"To Siberia": A life, and family, disrupted by Nazis
"To Siberia" by Per Petterson is the acclaimed Norwegian author's novel of a brother and a sister whose lives are altered when Nazis occupy their Danish village in World War II.
Special to The Seattle Times
by Per Petterson, translated by Anne Born
Graywolf Press, 256 pp., $22
Anyone who loved the quiet lyricism and deep emotional current of Per Petterson's acclaimed novel "Out Stealing Horses" will find more of the same in the U.S. release this month of "To Siberia," which was published in Petterson's home country of Norway in 1996 and in England in 1998.
"To Siberia" is the flashback of an older Danish woman remembering her youth during World War II. Known only as "Sistermine," an endearment from her brother Jesper, she grew up in a tiny coastal village with impoverished, self-absorbed parents.
The book centers on her close relationship with Jesper, who joins the local resistance movement when the Nazis take Denmark and arrive in their village. She interweaves memories of the heart-wrenching occupation, her family's hardships and her closeness to the older brother she adores.
She is bereft when Jesper must flee the country because of his political activities. Yet when the war ends, she does not wait for him to return home. Instead, she launches headlong into her adult life with a series of jobs, moves and quirky experiences that include losing her job as a telephone operator after inadvertently telling off the drunken king of Denmark.
When the caller asks whether she knows who he is, she replies, "Haven't a clue. But you've obviously had a couple of schnapps too many, so now I think you should go and lie down. Take a big glass of water and two aspirins on your way to bed. That's my advice. Goodbye."
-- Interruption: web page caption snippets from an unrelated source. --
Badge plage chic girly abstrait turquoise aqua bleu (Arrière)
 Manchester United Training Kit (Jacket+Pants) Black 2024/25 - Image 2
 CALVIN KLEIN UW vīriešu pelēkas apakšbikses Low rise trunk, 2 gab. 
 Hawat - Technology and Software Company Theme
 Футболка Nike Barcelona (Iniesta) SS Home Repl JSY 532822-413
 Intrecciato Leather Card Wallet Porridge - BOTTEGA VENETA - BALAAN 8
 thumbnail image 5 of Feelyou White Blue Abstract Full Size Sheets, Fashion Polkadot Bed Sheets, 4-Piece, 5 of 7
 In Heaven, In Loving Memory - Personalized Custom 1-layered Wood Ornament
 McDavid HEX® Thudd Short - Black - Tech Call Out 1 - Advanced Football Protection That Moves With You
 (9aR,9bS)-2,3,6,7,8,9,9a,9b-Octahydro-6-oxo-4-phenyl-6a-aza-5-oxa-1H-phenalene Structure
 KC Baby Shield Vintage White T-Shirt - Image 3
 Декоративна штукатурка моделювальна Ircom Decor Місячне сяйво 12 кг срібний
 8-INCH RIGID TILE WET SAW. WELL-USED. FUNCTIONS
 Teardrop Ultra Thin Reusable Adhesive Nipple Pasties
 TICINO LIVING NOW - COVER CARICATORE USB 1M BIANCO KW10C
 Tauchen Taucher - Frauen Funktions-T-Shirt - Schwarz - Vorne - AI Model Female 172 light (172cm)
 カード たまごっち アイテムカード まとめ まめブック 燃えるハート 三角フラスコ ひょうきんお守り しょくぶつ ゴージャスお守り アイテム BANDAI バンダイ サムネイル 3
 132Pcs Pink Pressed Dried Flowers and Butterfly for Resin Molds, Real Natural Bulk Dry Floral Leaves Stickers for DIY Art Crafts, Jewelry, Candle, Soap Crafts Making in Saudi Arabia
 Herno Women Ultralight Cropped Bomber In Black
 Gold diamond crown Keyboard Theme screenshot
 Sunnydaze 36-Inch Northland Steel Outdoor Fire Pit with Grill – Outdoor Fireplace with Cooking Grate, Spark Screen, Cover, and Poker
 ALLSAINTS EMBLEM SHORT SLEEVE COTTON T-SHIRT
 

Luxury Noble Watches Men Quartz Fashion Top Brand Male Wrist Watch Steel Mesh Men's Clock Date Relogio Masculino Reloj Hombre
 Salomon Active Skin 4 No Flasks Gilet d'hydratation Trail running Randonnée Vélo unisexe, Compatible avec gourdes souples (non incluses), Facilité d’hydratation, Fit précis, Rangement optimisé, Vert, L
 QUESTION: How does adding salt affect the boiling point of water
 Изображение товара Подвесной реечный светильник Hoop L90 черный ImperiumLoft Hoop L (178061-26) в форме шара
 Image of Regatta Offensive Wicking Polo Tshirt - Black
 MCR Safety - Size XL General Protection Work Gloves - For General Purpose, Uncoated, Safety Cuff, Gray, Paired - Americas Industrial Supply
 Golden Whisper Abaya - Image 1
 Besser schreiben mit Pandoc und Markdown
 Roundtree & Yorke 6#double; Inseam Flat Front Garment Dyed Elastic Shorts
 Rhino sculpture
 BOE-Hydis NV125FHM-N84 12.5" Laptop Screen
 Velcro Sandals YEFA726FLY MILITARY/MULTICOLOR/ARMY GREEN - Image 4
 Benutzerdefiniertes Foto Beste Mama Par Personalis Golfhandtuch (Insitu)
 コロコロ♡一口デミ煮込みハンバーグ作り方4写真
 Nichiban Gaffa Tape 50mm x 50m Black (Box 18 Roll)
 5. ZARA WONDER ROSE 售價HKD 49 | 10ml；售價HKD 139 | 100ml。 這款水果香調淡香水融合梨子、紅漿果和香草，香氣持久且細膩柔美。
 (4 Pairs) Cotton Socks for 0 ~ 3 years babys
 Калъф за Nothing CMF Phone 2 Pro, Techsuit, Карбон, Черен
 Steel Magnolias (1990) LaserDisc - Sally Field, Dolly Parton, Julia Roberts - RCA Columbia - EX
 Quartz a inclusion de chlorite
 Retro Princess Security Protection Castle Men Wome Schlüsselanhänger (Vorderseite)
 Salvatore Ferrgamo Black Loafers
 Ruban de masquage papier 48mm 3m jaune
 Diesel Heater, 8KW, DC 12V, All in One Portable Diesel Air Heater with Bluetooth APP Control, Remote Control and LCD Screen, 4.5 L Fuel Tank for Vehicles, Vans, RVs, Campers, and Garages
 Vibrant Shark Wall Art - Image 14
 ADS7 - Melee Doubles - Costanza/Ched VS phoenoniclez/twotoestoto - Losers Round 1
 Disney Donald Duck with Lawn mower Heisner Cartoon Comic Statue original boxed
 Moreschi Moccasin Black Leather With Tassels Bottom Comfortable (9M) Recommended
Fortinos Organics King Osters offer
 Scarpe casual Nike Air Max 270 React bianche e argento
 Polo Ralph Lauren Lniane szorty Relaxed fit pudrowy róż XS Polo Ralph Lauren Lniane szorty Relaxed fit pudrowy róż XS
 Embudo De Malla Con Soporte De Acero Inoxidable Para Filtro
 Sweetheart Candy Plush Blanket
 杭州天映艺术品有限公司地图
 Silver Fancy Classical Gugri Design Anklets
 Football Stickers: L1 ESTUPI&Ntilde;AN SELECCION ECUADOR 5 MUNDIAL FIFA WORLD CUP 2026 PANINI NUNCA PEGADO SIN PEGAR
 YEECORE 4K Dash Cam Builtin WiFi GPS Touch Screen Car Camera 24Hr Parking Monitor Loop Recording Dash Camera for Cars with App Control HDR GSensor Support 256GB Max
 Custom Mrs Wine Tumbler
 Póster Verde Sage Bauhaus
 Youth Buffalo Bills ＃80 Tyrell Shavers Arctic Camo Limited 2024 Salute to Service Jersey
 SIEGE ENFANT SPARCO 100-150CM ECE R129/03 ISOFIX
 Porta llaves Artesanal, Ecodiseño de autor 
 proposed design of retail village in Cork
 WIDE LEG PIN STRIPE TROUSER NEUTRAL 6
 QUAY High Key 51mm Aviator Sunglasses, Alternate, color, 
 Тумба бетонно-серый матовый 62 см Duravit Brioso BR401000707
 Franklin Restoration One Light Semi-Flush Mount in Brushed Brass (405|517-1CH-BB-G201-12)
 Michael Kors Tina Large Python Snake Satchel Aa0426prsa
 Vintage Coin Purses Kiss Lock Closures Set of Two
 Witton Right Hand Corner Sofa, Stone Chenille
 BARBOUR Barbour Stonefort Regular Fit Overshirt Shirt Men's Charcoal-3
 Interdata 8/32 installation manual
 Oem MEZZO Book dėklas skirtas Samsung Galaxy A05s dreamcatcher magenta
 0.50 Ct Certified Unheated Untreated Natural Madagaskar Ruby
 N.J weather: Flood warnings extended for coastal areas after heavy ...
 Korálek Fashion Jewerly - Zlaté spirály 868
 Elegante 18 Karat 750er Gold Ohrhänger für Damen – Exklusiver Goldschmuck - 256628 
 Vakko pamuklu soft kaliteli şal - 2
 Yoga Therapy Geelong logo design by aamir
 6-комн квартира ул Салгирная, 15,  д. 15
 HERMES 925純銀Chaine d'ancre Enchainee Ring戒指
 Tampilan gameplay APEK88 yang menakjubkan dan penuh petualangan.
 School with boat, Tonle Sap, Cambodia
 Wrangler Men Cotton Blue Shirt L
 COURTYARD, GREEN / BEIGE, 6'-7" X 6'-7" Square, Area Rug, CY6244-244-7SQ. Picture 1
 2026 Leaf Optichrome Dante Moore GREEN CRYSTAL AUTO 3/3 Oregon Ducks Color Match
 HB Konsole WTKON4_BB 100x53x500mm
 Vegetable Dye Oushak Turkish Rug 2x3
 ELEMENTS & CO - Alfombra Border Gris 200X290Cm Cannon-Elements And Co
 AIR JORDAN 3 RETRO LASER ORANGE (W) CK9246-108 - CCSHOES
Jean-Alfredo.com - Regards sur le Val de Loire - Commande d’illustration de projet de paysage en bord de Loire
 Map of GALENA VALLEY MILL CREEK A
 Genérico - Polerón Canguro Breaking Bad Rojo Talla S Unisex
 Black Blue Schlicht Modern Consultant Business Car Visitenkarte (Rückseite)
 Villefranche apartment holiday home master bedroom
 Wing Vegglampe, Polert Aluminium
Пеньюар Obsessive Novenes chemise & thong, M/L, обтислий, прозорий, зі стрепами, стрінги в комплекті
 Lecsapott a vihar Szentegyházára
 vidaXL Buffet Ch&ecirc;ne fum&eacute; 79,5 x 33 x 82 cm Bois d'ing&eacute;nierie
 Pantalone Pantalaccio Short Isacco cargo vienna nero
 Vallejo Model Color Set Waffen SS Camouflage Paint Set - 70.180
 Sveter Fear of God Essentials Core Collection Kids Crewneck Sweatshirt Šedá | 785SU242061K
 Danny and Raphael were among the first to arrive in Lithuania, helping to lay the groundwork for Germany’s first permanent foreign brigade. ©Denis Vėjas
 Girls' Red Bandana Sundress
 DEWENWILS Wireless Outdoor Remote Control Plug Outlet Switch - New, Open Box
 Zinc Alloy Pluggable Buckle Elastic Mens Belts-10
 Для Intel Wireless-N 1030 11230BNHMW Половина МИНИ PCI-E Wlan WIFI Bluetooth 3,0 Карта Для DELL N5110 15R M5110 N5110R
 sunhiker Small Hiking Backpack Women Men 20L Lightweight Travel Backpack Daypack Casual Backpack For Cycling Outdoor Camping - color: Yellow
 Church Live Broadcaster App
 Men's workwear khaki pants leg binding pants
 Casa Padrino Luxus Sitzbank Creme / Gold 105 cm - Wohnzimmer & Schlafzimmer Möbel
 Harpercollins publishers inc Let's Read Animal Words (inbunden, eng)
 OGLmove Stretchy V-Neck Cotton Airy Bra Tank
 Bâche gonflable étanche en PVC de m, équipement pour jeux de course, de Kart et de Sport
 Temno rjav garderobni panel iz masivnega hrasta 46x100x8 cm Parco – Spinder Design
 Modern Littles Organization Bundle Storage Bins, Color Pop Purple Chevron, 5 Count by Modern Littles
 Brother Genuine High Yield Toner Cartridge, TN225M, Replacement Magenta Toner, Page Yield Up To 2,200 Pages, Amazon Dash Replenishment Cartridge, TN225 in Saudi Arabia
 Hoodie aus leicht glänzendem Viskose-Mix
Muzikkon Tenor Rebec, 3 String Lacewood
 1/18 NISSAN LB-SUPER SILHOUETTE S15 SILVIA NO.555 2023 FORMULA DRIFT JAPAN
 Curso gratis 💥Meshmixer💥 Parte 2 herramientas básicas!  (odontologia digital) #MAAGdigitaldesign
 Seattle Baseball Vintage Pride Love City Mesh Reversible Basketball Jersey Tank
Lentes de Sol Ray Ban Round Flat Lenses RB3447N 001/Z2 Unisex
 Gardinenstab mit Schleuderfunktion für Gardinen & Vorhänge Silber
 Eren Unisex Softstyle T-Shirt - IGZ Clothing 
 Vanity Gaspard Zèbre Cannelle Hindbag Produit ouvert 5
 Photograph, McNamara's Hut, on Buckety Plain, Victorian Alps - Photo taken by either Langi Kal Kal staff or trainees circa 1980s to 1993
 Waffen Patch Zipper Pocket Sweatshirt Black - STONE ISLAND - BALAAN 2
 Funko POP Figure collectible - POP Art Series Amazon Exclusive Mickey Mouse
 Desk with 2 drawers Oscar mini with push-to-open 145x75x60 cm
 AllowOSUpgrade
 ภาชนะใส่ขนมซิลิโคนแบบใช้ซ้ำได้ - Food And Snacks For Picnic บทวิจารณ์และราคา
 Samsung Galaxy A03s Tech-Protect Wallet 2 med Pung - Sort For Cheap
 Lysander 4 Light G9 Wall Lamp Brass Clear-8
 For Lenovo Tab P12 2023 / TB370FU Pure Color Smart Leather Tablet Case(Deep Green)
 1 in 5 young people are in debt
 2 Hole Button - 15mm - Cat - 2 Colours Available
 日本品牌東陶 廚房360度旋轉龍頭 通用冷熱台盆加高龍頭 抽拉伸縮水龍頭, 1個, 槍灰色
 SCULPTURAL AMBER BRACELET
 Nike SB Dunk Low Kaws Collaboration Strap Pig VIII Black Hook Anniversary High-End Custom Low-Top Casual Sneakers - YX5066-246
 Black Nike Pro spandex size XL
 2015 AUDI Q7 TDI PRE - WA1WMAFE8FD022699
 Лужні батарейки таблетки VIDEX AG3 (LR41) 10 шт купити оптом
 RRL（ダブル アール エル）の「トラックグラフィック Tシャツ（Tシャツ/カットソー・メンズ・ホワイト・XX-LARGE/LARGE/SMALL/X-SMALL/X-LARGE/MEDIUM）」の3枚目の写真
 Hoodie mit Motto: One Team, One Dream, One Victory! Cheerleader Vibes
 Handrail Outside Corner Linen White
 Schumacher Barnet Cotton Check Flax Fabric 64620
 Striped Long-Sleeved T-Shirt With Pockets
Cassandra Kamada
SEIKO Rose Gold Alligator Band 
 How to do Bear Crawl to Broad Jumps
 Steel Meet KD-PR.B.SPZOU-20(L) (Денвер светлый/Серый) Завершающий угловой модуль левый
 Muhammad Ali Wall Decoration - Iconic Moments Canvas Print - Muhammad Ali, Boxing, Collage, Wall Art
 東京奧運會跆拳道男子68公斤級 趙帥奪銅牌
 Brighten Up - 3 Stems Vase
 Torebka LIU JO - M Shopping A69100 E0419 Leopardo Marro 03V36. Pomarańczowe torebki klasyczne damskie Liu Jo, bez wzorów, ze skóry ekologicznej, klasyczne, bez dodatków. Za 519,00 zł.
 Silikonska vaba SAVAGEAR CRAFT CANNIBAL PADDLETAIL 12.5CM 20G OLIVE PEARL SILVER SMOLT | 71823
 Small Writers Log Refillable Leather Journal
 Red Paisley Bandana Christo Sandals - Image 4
The incident is an amusing snapshot of one woman's brush with the rich and powerful. As with most misfortunes in her life, she notices what is happening but does not get stuck there. In this case, she takes her unemployment as an opportunity to move to Stockholm to train as a glassblower.
Petterson's heroine is grounded by solitude and a solid awareness of her body. She relishes the strength and calm that come with vigorous walks, bicycle rides and swims, and sometimes stands in a room simply enjoying how her body feels.
"I stand in the middle of the floor distanced from all things and think I will always remember myself like this, alone on the black and white tiles in the yellow blouse and the semi darkness, and I raise my arms and stretch them out and slowly turn my body around," she remembers in one scene before the Gestapo disrupts her reverie.
"To Siberia" is rife with run-on sentences, offering almost stream-of-consciousness gazes into the protagonist's soul. Yet Petterson's writing is so exact and piercing that, like poetry, it distills her experiences and feelings into imagery that is powerful beyond its words. The effect is beautiful and moving, letting the reader connect with the character's vitality and reflect on life with the same fullness and serenity that she does.
The title refers to the heroine's childhood longing to live in Siberia. Her brother pines for Morocco, and she pictures his dream more vividly than her own: "I wanted open skies that were cold and clear, where it was easy to breathe and easy to see for long distances, but his pictures were mysterious and alluring in black and white with barren mountains in the far distance and sun-scorched faces and sun-scorched towns behind battlemented walls and fluttering tunics and palm trees that suddenly rose out of no-man's-land."
When the story ends, she is a young woman facing hardship, but there are strong hints — including mentions of her life as an older woman — that she will be fine and life has just begun.
Melissa Allison is a Seattle Times business reporter.